Work order: Only the lines from the one with "Blue Mlamli Sequinned Crop Top" through the final line below belong in the answer, copied exactly and without pictures.

Data provided:

● ● ● ● ●

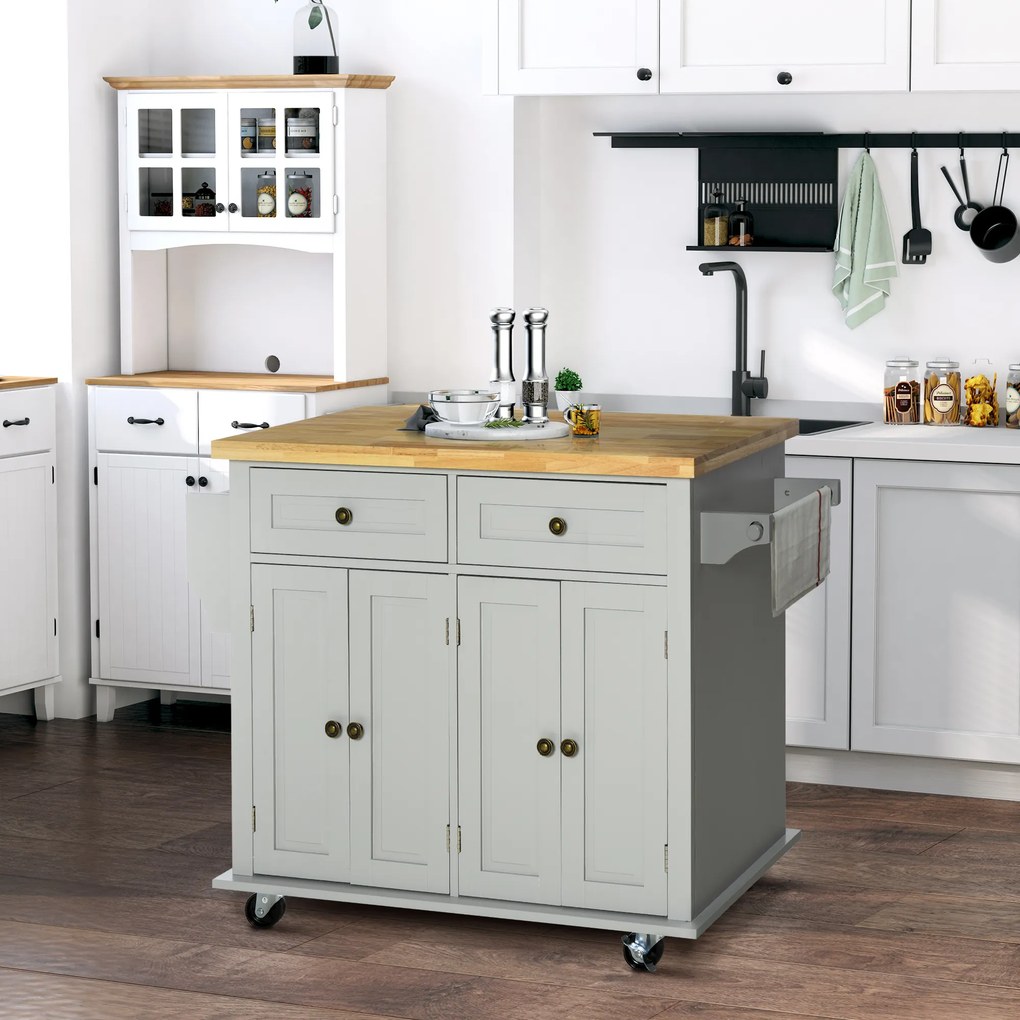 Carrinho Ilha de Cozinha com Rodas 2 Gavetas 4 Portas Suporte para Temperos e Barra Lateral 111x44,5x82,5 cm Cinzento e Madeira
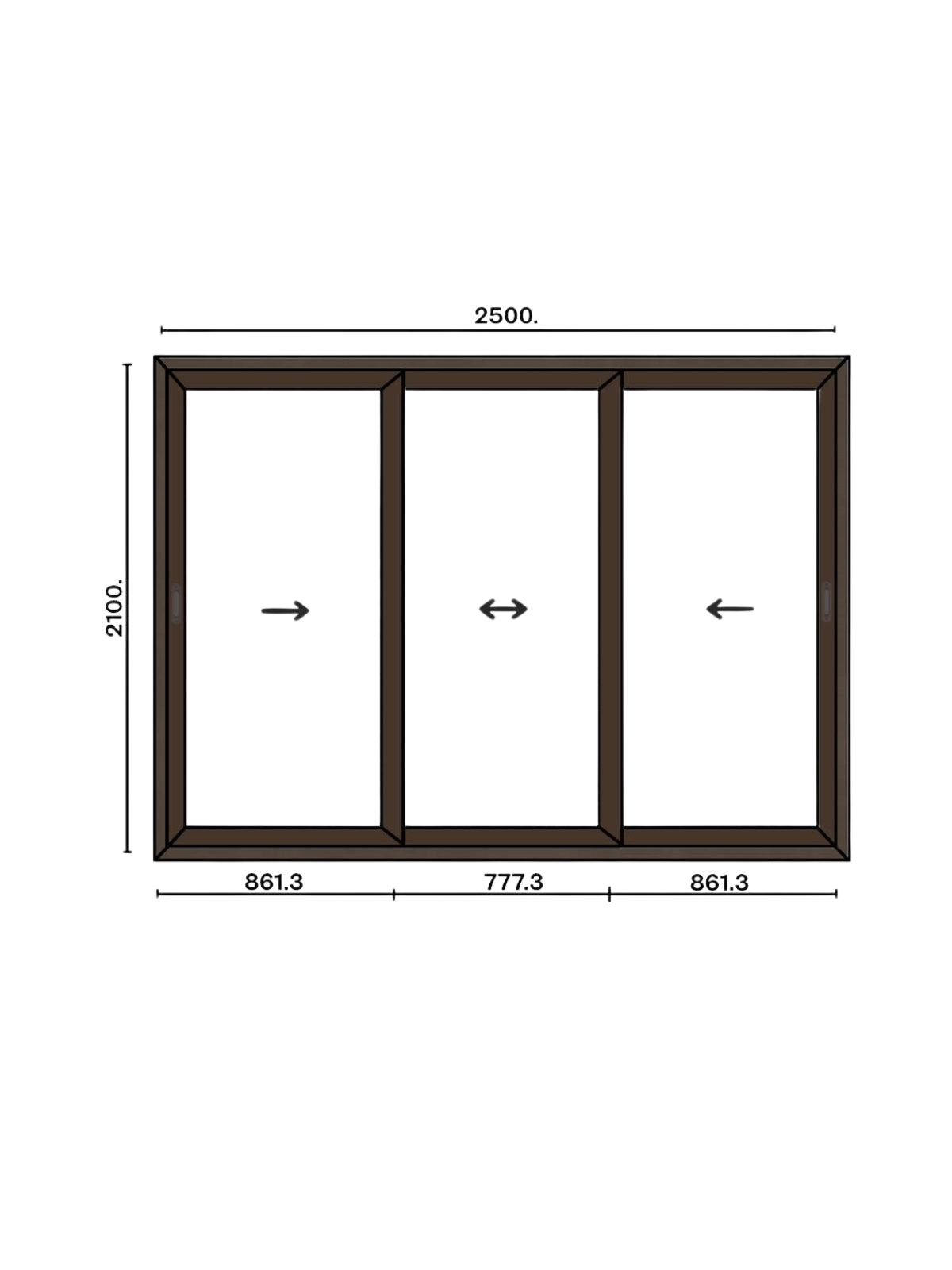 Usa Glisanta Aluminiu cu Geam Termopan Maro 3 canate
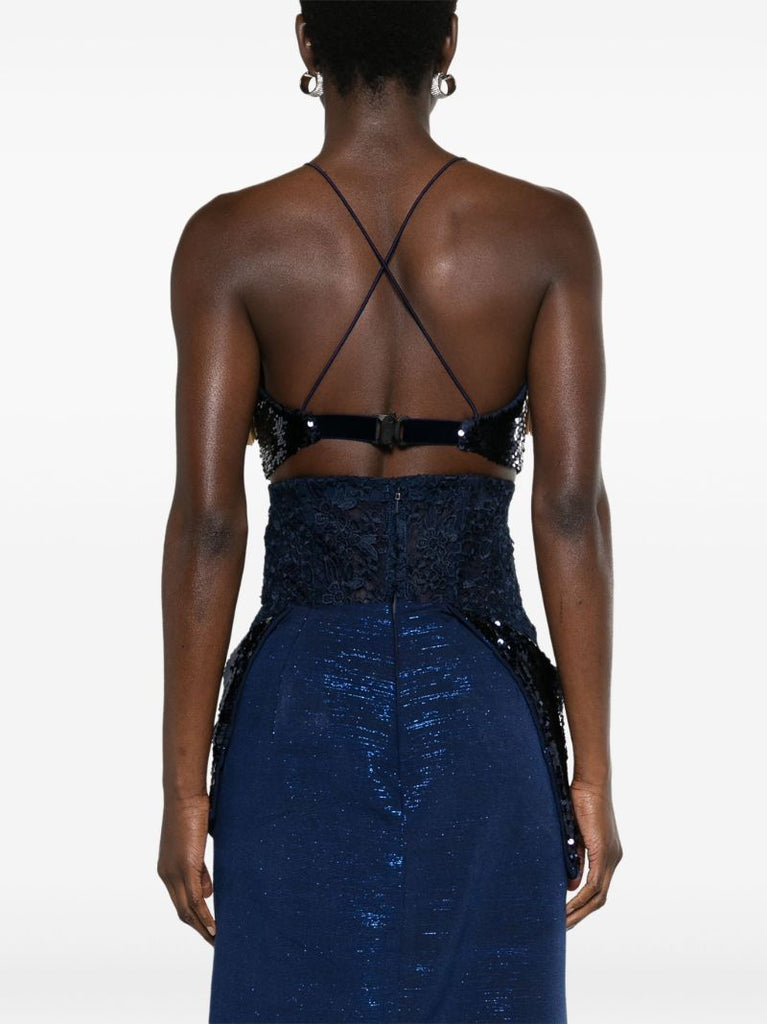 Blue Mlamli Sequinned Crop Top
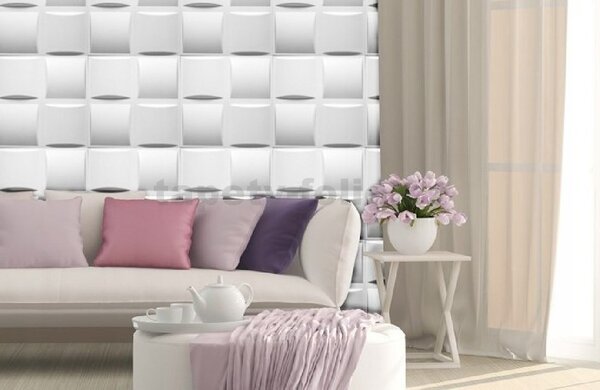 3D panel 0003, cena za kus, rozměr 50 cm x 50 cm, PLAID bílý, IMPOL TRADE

● ● ● ● ●

Task answer:
 Blue Mlamli Sequinned Crop Top
 3D panel 0003, cena za kus, rozměr 50 cm x 50 cm, PLAID bílý, IMPOL TRADE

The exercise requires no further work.